** Opening Data listing block **

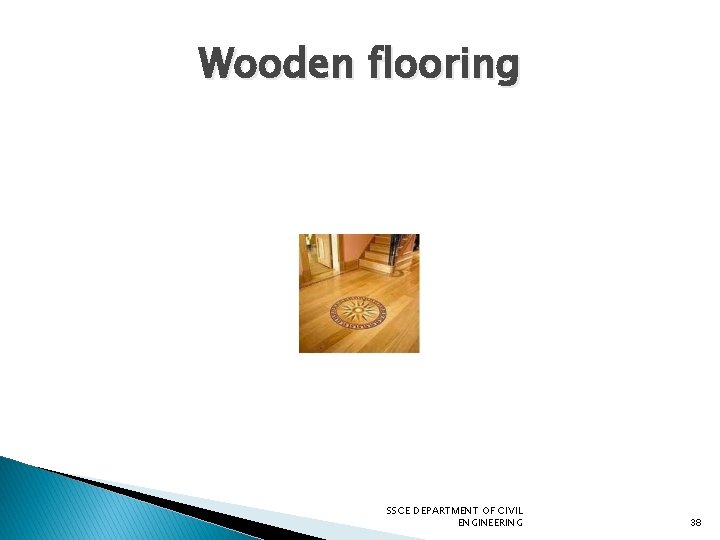 Wooden flooring SSCE DEPARTMENT OF CIVIL ENGINEERING 38 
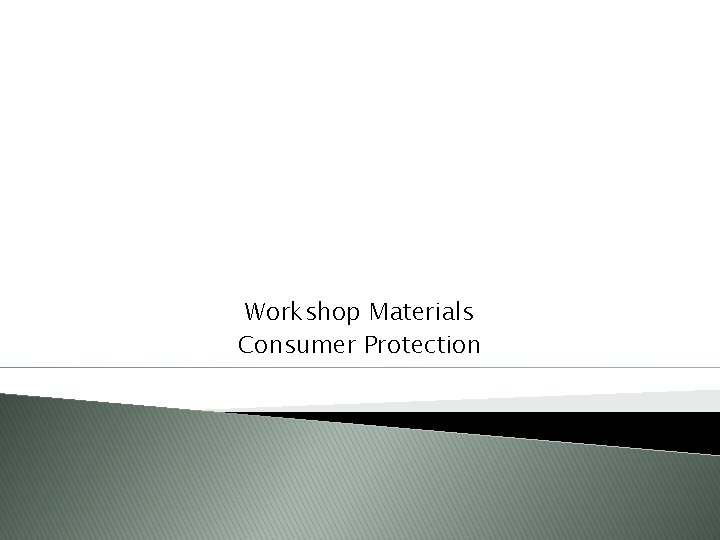 Workshop Materials Consumer Protection 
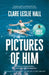 Pictures of Him: A page-turning story of love and obsession with a jaw-dropping twist, from the Reese's Book Club author of Broken Country. by Clare Leslie Hall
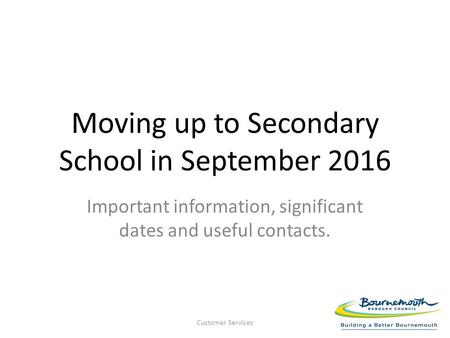 Moving up to Secondary School in September 2016 Important information, significant dates and useful contacts. Customer Services.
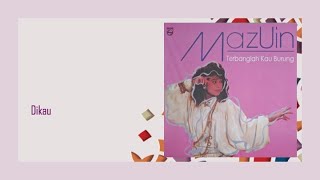 Dikau  Mazuin Official Audio [upl. by Delwyn]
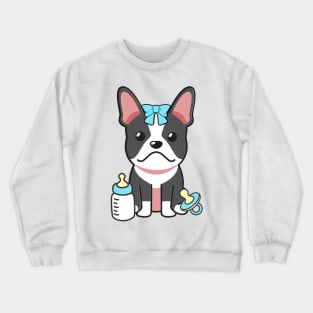 Cute french bulldog is a baby Crewneck Sweatshirt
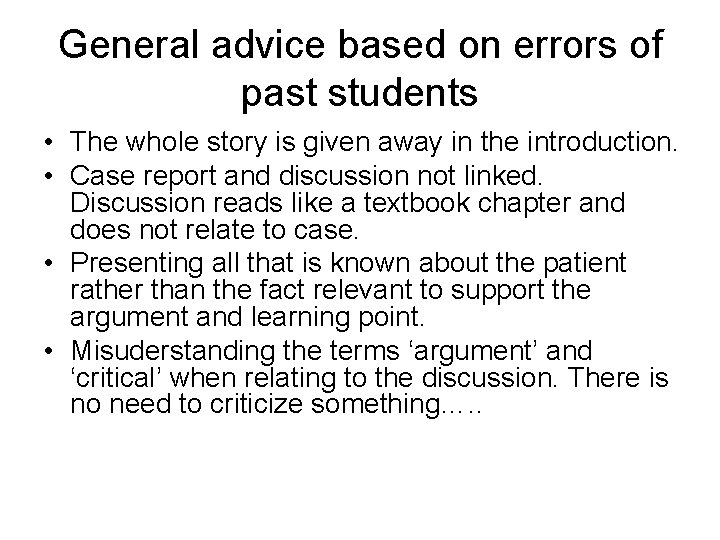 General advice based on errors of past students • The whole story is given General advice based on errors of past students • The whole story is given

** Closing Data listing block **

• **What is being asked**: Only the lines from the top of the records through the line with "[upl. by Delwyn]" belong in the copy; write them out exactly, leaving out pictures.

• **Answer to the exercise**:
 Wooden flooring SSCE DEPARTMENT OF CIVIL ENGINEERING 38 
 Workshop Materials Consumer Protection 
 Pictures of Him: A page-turning story of love and obsession with a jaw-dropping twist, from the Reese's Book Club author of Broken Country. by Clare Leslie Hall
 Moving up to Secondary School in September 2016 Important information, significant dates and useful contacts. Customer Services.
 Dikau  Mazuin Official Audio [upl. by Delwyn]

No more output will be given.